▶ [What the task asks]: Output the whole listing below exactly, omitting the images.

▶ [Stored data]:
:::::

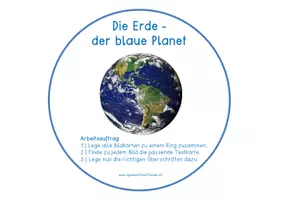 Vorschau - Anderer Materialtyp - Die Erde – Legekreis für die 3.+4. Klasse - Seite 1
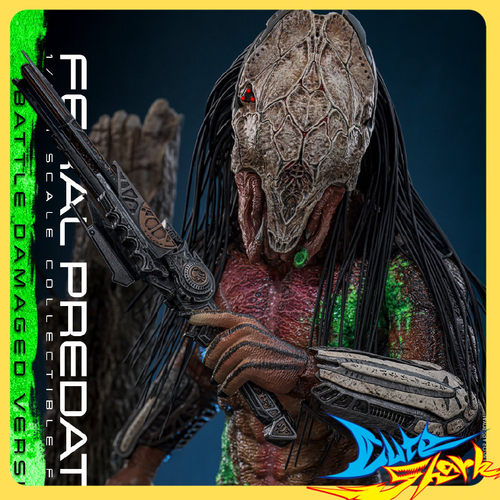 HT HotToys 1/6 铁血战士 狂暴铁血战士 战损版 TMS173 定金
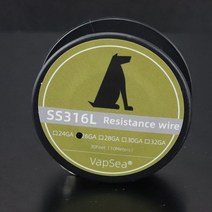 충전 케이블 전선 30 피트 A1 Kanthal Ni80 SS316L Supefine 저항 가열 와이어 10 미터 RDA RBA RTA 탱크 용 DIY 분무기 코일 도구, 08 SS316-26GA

:::::

▶ [Written answer]:
 Vorschau - Anderer Materialtyp - Die Erde – Legekreis für die 3.+4. Klasse - Seite 1
 HT HotToys 1/6 铁血战士 狂暴铁血战士 战损版 TMS173 定金
 충전 케이블 전선 30 피트 A1 Kanthal Ni80 SS316L Supefine 저항 가열 와이어 10 미터 RDA RBA RTA 탱크 용 DIY 분무기 코일 도구, 08 SS316-26GA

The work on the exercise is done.